*Stored items from a collection*:
++++++++

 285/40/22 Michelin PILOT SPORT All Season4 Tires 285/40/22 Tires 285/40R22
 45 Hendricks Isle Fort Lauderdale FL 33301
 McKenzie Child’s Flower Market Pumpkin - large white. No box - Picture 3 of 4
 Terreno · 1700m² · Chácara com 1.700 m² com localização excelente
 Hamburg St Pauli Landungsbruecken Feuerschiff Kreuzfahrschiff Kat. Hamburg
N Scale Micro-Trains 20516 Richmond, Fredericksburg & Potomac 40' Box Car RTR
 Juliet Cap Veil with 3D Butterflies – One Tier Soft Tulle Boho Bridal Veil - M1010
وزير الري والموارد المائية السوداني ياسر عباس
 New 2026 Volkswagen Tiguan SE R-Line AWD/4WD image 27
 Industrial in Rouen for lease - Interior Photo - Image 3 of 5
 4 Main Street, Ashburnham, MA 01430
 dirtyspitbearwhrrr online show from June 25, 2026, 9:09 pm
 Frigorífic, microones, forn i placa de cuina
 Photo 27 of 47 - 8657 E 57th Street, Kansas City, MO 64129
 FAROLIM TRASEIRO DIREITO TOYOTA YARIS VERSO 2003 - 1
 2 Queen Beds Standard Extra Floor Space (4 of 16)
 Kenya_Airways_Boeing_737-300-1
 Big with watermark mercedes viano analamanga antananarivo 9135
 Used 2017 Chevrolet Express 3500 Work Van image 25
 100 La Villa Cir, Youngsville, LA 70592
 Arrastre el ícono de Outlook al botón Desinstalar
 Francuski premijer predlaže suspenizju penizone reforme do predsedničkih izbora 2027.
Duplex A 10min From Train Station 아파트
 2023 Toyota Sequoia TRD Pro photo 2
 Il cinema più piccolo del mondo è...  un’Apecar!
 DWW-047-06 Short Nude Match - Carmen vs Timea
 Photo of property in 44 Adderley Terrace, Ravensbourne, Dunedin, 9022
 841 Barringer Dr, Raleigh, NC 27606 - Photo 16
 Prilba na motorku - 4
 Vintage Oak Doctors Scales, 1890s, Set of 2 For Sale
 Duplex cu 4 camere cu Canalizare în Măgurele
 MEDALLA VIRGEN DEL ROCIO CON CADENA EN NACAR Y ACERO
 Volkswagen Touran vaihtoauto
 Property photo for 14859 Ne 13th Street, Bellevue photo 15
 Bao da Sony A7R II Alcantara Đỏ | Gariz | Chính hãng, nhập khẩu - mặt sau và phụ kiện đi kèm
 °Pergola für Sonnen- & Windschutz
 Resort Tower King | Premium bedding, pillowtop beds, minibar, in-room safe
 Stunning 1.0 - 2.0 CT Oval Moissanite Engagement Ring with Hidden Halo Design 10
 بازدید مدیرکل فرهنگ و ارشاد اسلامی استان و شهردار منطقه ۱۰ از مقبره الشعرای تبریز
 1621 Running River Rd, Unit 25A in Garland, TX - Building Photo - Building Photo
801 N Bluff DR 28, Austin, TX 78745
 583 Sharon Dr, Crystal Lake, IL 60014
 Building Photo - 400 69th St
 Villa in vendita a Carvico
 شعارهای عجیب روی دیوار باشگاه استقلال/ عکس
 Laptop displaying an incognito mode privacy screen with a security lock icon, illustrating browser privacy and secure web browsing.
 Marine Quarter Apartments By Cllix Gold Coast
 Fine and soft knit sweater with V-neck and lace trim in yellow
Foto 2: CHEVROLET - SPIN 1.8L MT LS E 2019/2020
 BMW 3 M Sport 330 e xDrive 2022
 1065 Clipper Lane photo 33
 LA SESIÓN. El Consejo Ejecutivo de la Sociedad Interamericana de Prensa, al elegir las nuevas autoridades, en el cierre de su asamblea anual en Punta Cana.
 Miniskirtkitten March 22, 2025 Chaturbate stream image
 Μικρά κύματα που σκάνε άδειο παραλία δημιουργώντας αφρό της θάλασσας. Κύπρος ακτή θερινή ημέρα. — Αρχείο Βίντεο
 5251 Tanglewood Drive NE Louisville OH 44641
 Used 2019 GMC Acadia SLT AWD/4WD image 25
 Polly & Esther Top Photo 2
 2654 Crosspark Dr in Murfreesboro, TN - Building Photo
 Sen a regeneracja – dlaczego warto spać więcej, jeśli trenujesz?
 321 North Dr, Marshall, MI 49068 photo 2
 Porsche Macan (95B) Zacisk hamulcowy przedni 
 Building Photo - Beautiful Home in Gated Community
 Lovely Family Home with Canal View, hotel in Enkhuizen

++++++++

Output the data exactly, in full.

 285/40/22 Michelin PILOT SPORT All Season4 Tires 285/40/22 Tires 285/40R22
 45 Hendricks Isle Fort Lauderdale FL 33301
 McKenzie Child’s Flower Market Pumpkin - large white. No box - Picture 3 of 4
 Terreno · 1700m² · Chácara com 1.700 m² com localização excelente
 Hamburg St Pauli Landungsbruecken Feuerschiff Kreuzfahrschiff Kat. Hamburg
N Scale Micro-Trains 20516 Richmond, Fredericksburg & Potomac 40' Box Car RTR
 Juliet Cap Veil with 3D Butterflies – One Tier Soft Tulle Boho Bridal Veil - M1010
وزير الري والموارد المائية السوداني ياسر عباس
 New 2026 Volkswagen Tiguan SE R-Line AWD/4WD image 27
 Industrial in Rouen for lease - Interior Photo - Image 3 of 5
 4 Main Street, Ashburnham, MA 01430
 dirtyspitbearwhrrr online show from June 25, 2026, 9:09 pm
 Frigorífic, microones, forn i placa de cuina
 Photo 27 of 47 - 8657 E 57th Street, Kansas City, MO 64129
 FAROLIM TRASEIRO DIREITO TOYOTA YARIS VERSO 2003 - 1
 2 Queen Beds Standard Extra Floor Space (4 of 16)
 Kenya_Airways_Boeing_737-300-1
 Big with watermark mercedes viano analamanga antananarivo 9135
 Used 2017 Chevrolet Express 3500 Work Van image 25
 100 La Villa Cir, Youngsville, LA 70592
 Arrastre el ícono de Outlook al botón Desinstalar
 Francuski premijer predlaže suspenizju penizone reforme do predsedničkih izbora 2027.
Duplex A 10min From Train Station 아파트
 2023 Toyota Sequoia TRD Pro photo 2
 Il cinema più piccolo del mondo è...  un’Apecar!
 DWW-047-06 Short Nude Match - Carmen vs Timea
 Photo of property in 44 Adderley Terrace, Ravensbourne, Dunedin, 9022
 841 Barringer Dr, Raleigh, NC 27606 - Photo 16
 Prilba na motorku - 4
 Vintage Oak Doctors Scales, 1890s, Set of 2 For Sale
 Duplex cu 4 camere cu Canalizare în Măgurele
 MEDALLA VIRGEN DEL ROCIO CON CADENA EN NACAR Y ACERO
 Volkswagen Touran vaihtoauto
 Property photo for 14859 Ne 13th Street, Bellevue photo 15
 Bao da Sony A7R II Alcantara Đỏ | Gariz | Chính hãng, nhập khẩu - mặt sau và phụ kiện đi kèm
 °Pergola für Sonnen- & Windschutz
 Resort Tower King | Premium bedding, pillowtop beds, minibar, in-room safe
 Stunning 1.0 - 2.0 CT Oval Moissanite Engagement Ring with Hidden Halo Design 10
 بازدید مدیرکل فرهنگ و ارشاد اسلامی استان و شهردار منطقه ۱۰ از مقبره الشعرای تبریز
 1621 Running River Rd, Unit 25A in Garland, TX - Building Photo - Building Photo
801 N Bluff DR 28, Austin, TX 78745
 583 Sharon Dr, Crystal Lake, IL 60014
 Building Photo - 400 69th St
 Villa in vendita a Carvico
 شعارهای عجیب روی دیوار باشگاه استقلال/ عکس
 Laptop displaying an incognito mode privacy screen with a security lock icon, illustrating browser privacy and secure web browsing.
 Marine Quarter Apartments By Cllix Gold Coast
 Fine and soft knit sweater with V-neck and lace trim in yellow
Foto 2: CHEVROLET - SPIN 1.8L MT LS E 2019/2020
 BMW 3 M Sport 330 e xDrive 2022
 1065 Clipper Lane photo 33
 LA SESIÓN. El Consejo Ejecutivo de la Sociedad Interamericana de Prensa, al elegir las nuevas autoridades, en el cierre de su asamblea anual en Punta Cana.
 Miniskirtkitten March 22, 2025 Chaturbate stream image
 Μικρά κύματα που σκάνε άδειο παραλία δημιουργώντας αφρό της θάλασσας. Κύπρος ακτή θερινή ημέρα. — Αρχείο Βίντεο
 5251 Tanglewood Drive NE Louisville OH 44641
 Used 2019 GMC Acadia SLT AWD/4WD image 25
 Polly & Esther Top Photo 2
 2654 Crosspark Dr in Murfreesboro, TN - Building Photo
 Sen a regeneracja – dlaczego warto spać więcej, jeśli trenujesz?
 321 North Dr, Marshall, MI 49068 photo 2
 Porsche Macan (95B) Zacisk hamulcowy przedni 
 Building Photo - Beautiful Home in Gated Community
 Lovely Family Home with Canal View, hotel in Enkhuizen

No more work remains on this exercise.